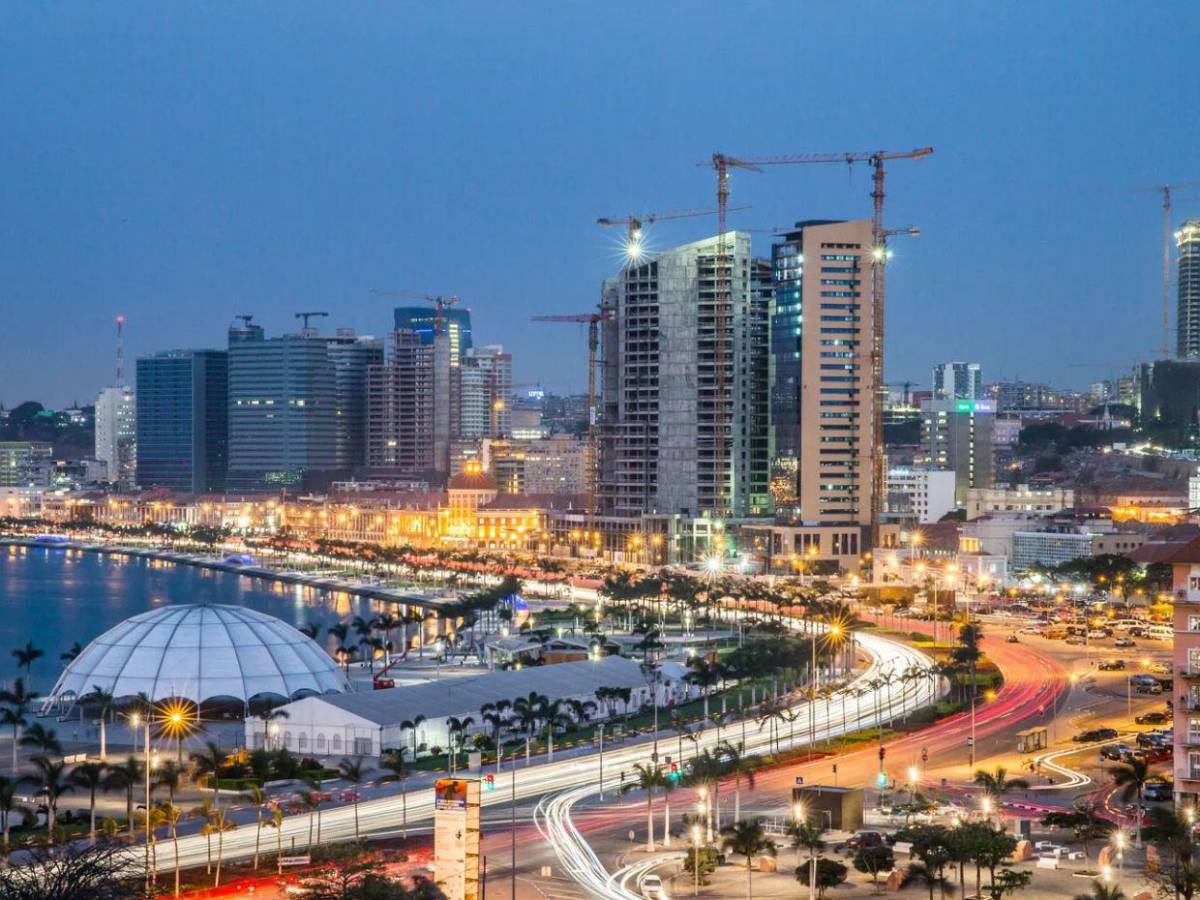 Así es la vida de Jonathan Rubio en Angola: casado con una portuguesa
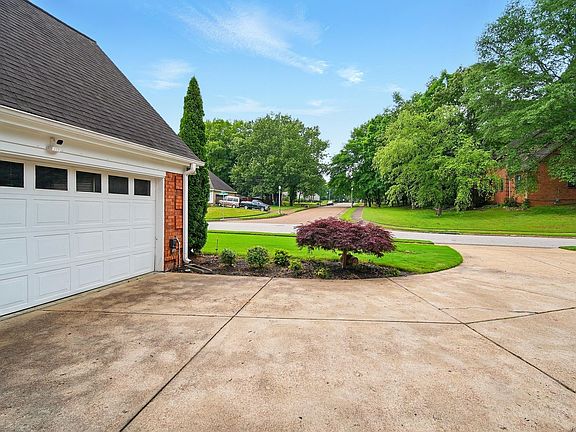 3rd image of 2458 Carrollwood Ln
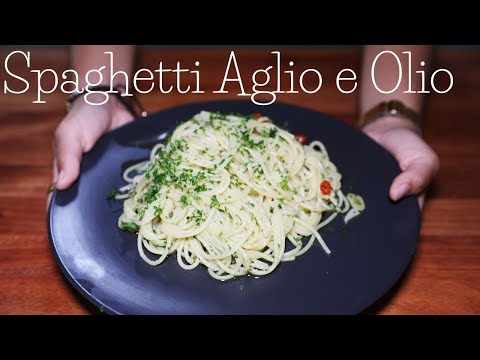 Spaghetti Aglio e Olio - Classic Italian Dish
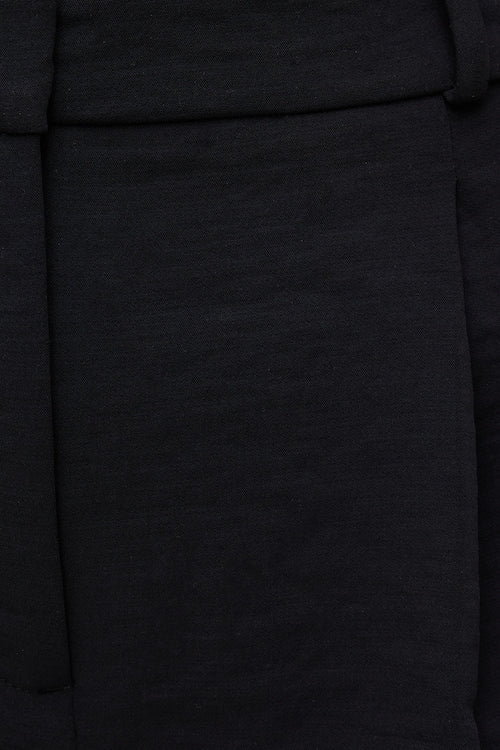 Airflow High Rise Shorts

* _Aim of the task_
Retype word for word all the material given above, and keep the pictures out.

* _Solution for this exercise_
 Así es la vida de Jonathan Rubio en Angola: casado con una portuguesa
 3rd image of 2458 Carrollwood Ln
 Spaghetti Aglio e Olio - Classic Italian Dish
 Airflow High Rise Shorts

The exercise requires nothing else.